The rules regulate training requirements to get a concealed carry permit, and the temporary rules act as emergency rules put in place until permanent ones are decided.
“Most of the controversy revolves around the training requirements,” said Buster Bachhuber, director of the Wisconsin chapter of the National Rifle Association.
According to Wisconsin Senate Majority Leader Fred Risser, D-Madison, the regulations will be up for renewal in December.
The controversy stems mostly from the Department of Justice offering a shorter course to fulfill the concealed carry’s training requirement, instead of a more traditional course that takes longer.
Bachhuber said a majority of the people who take the short course will take the long course as well.
“Sixty percent of people who take the short course sign up to take the long course after, which is a very good thing,” he said.
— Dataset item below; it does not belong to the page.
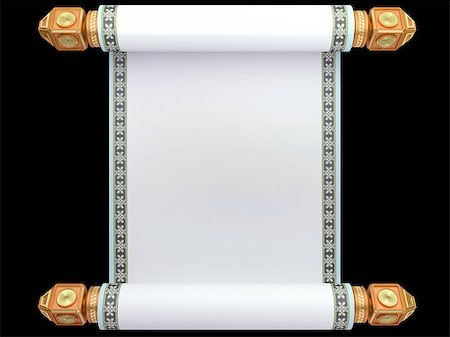scroll parchments - The old manuscript a roll on a gold basis isolated on a white background Stock Photo - Budget Royalty-Free & Subscription, Code: 400-04403757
He said he thinks people will sign up for the long course if they see fit, but the DOJ’s short course should be sufficient.
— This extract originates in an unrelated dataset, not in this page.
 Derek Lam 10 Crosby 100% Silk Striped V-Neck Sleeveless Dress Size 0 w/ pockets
According to Bachhuber, the short course makes sense for many people who want a permit because the long course training is similar to what police receive, which he said is not always necessary.
“Under the current rules, training now is ‘learn what you need to know,’” Bachhuber said.
Risser also said he is pleased these temporary rules were extended, and he just wants to see “reasonable regulations” as the permanent ones.
“There are some who believe people can carry weapons without any training,” he said.